Among the entries that follow, the required portion opens with the line containing "Toyota Yaris 1.0 Luna - 7" and closes with the line containing "LANCIA CERTIFIED Lancia". Give that portion again exactly, and nothing else.

- Provided material
*** Begin section ***
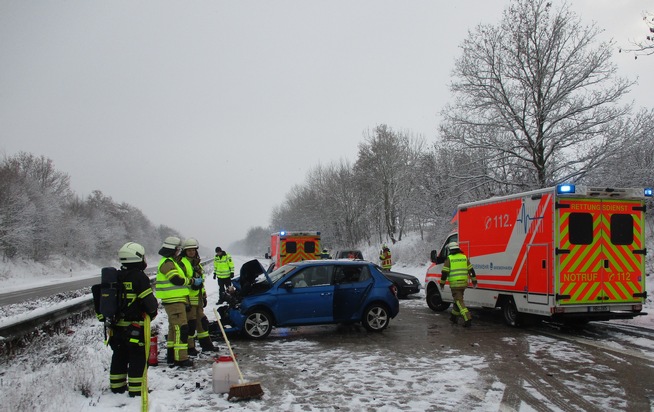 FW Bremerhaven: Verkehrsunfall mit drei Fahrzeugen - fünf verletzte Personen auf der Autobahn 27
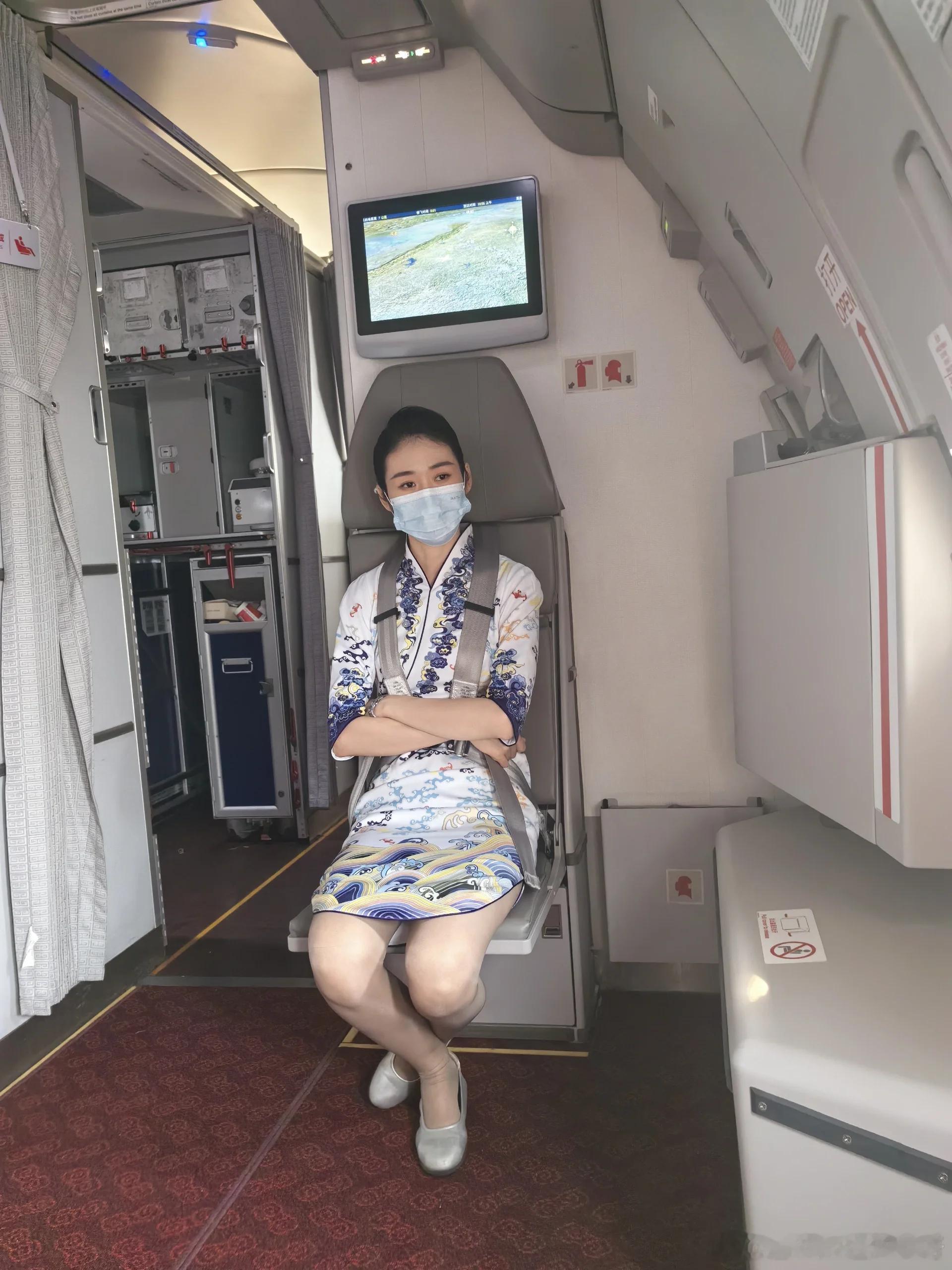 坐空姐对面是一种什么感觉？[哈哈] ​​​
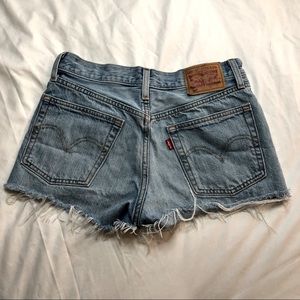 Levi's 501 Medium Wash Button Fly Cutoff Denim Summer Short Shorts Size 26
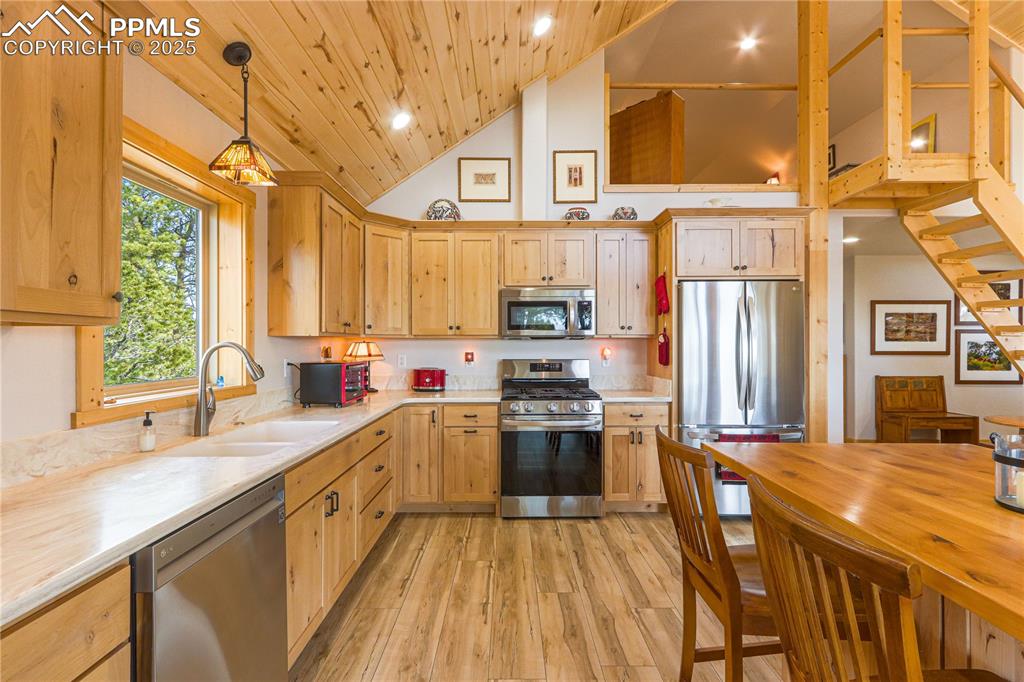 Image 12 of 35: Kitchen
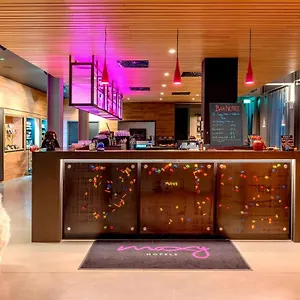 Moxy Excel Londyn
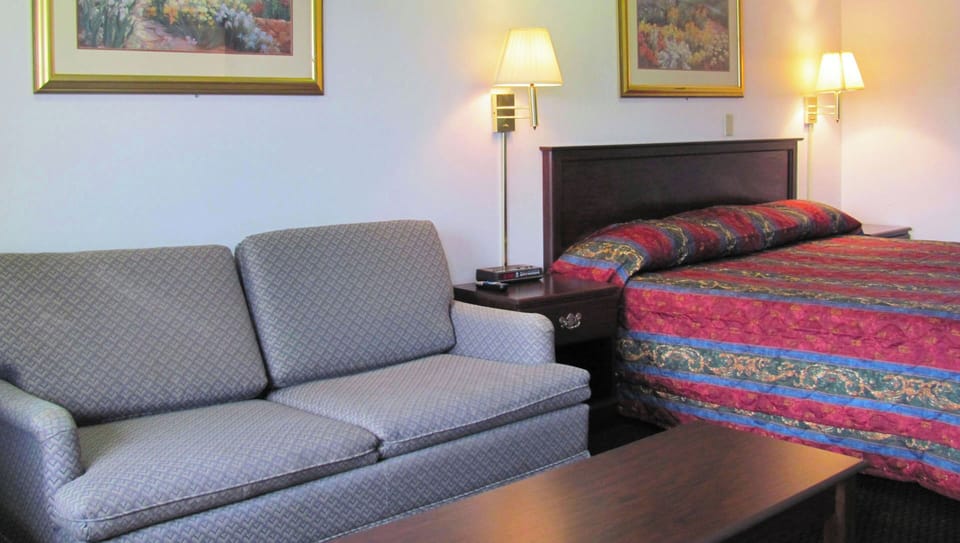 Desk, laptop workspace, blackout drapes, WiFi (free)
*** End section ***
*** Begin section ***
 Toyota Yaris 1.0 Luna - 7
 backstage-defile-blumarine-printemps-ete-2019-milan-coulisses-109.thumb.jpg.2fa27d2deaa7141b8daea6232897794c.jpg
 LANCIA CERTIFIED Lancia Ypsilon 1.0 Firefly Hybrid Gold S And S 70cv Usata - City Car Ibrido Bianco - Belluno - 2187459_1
*** End section ***
- Answer box
 Toyota Yaris 1.0 Luna - 7
 backstage-defile-blumarine-printemps-ete-2019-milan-coulisses-109.thumb.jpg.2fa27d2deaa7141b8daea6232897794c.jpg
 LANCIA CERTIFIED Lancia Ypsilon 1.0 Firefly Hybrid Gold S And S 70cv Usata - City Car Ibrido Bianco - Belluno - 2187459_1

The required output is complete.